Per il WWF, in un’epoca segnata dalla scarsità di risorse e dall’emergenza climatica, il cambiamento non è più un’opzione ma una strategia imprescindibile. Servono azioni coordinate in settori cruciali come la transizione energetica, che implica l’abbandono dei combustibili fossili a favore delle energie rinnovabili; una revisione del sistema produttivo ed economico in direzione dell’economia circolare, riducendo gli sprechi e valorizzando il riciclo; una trasformazione delle abitudini alimentari, con una diminuzione del consumo di carne e la preferenza per cibi biologici, locali e stagionali; una nuova visione della mobilità, che privilegi trasporti pubblici, biciclette e veicoli a basse emissioni; e, infine, politiche ambientali più ambiziose a livello internazionale, capaci di garantire la tutela degli ecosistemi.
Se riuscissimo a ridurre del 50% le emissioni di CO2, potremmo spostare l’Overshoot Day di ben 93 giorni. Una riduzione simile del consumo globale di carne comporterebbe un guadagno di 17 giorni. Fermare la deforestazione ci farebbe recuperare altri 8 giorni. Tutti passi concreti che ci avvicinerebbero a un nuovo equilibrio.
Le soluzioni esistono già. Pratiche come l’agricoltura rigenerativa, la mobilità sostenibile e l’efficienza energetica non solo aiutano a contenere l’impronta ecologica, ma creano anche valore economico e rafforzano la coesione sociale. Secondo il WWF, spostando l’Overshoot Day di 5 giorni all’anno, potremmo tornare a vivere entro i limiti ecologici della Terra entro il 2050. È una prospettiva realistica, che si basa su un mix di innovazione tecnologica, cambiamenti nei comportamenti individuali e decisioni politiche globali.

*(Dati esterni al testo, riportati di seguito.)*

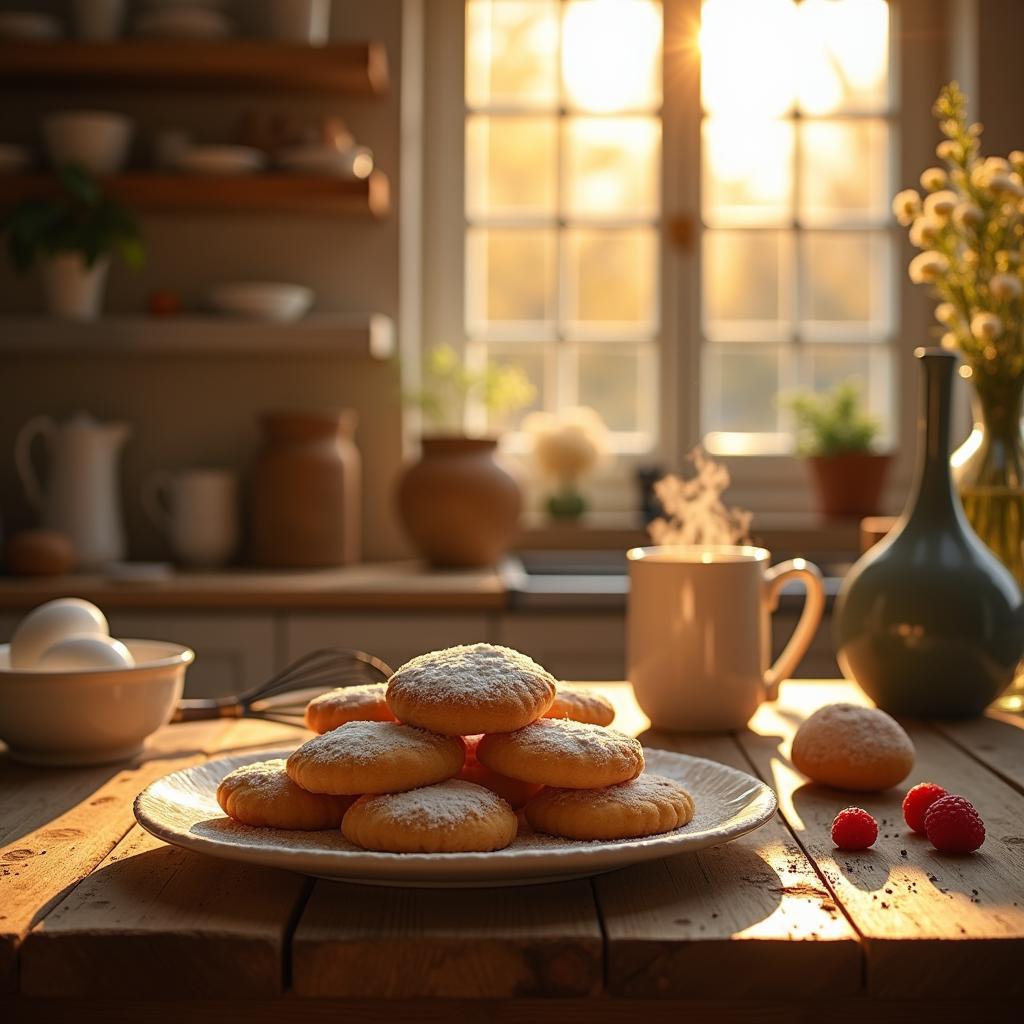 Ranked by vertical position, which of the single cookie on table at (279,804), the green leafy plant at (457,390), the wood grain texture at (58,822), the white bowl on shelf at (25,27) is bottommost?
the wood grain texture at (58,822)

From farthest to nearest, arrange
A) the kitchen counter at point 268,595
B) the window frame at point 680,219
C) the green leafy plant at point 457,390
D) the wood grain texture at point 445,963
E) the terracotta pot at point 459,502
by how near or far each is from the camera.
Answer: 1. the window frame at point 680,219
2. the green leafy plant at point 457,390
3. the terracotta pot at point 459,502
4. the kitchen counter at point 268,595
5. the wood grain texture at point 445,963

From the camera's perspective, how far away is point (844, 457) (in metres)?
2.99

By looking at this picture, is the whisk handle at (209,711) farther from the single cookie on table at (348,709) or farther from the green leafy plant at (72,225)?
the green leafy plant at (72,225)

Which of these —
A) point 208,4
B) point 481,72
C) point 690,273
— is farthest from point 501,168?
point 208,4

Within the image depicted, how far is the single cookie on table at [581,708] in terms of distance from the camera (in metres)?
0.91

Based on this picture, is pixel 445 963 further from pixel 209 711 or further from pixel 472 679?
Answer: pixel 209 711

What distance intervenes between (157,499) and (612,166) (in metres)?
1.34

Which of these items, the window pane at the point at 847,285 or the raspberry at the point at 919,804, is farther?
the window pane at the point at 847,285

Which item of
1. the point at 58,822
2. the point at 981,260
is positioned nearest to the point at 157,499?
the point at 981,260

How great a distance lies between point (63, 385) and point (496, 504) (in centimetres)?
107

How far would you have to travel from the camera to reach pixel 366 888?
2.44 ft

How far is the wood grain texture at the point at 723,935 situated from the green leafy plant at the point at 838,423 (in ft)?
7.68

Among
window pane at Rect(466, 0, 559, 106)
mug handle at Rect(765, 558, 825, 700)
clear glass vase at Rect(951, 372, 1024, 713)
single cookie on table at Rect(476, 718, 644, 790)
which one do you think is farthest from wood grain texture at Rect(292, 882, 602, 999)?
window pane at Rect(466, 0, 559, 106)

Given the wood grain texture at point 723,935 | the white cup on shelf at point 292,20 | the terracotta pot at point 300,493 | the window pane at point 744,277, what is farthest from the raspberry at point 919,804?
the window pane at point 744,277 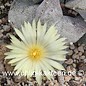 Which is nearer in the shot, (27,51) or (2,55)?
(27,51)

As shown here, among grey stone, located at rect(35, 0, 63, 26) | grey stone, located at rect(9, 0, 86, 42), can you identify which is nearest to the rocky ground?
grey stone, located at rect(9, 0, 86, 42)

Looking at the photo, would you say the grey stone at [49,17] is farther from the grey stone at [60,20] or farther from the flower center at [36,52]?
the flower center at [36,52]

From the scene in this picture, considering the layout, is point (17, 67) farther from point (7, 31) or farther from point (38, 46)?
point (7, 31)

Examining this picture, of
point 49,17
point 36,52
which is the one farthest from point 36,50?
point 49,17

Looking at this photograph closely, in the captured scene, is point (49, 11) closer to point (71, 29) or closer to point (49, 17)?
point (49, 17)

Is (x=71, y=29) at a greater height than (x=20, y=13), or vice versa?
(x=20, y=13)

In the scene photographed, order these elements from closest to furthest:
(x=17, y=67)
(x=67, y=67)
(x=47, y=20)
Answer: (x=17, y=67), (x=47, y=20), (x=67, y=67)

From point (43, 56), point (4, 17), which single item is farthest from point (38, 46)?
point (4, 17)

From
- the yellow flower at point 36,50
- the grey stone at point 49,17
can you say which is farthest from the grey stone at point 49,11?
the yellow flower at point 36,50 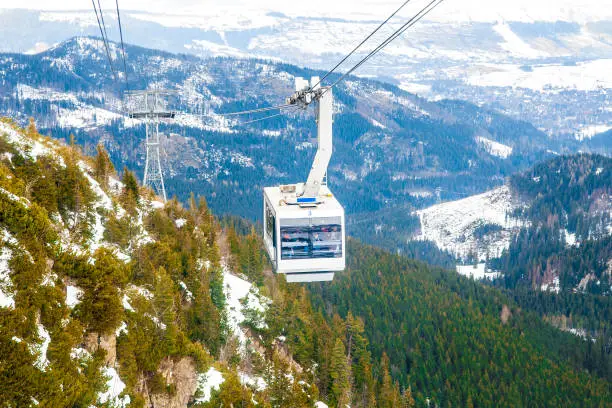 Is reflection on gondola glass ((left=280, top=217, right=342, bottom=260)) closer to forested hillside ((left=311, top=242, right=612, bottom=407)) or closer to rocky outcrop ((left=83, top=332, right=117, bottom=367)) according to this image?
rocky outcrop ((left=83, top=332, right=117, bottom=367))

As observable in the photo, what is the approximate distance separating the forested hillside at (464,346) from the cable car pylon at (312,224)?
73760mm

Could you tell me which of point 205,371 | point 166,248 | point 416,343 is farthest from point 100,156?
point 416,343

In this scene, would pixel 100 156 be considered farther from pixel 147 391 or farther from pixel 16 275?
pixel 16 275

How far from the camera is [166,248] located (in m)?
66.6

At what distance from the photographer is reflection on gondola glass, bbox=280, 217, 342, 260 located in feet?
136

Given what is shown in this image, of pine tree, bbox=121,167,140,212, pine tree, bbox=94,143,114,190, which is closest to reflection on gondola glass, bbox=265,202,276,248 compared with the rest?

Eva Alessi, responsabile Sostenibilità del WWF Italia, sottolinea come il vero nodo stia nel nostro modello economico, che si fonda sulla crescita illimitata dei consumi materiali – energia, risorse, materie prime – e che è semplicemente incompatibile con un Pianeta dalle risorse finite. Secondo Alessi, non dobbiamo inseguire un aumento quantitativo del benessere, ma puntare su un progresso qualitativo, basato su conoscenza, relazioni umane, diritti e tutela della natura. È fondamentale, conclude, sostituire il PIL come unico indicatore dello sviluppo, integrandolo con metriche che misurino la salute degli ecosistemi, il benessere psicologico e la coesione sociale.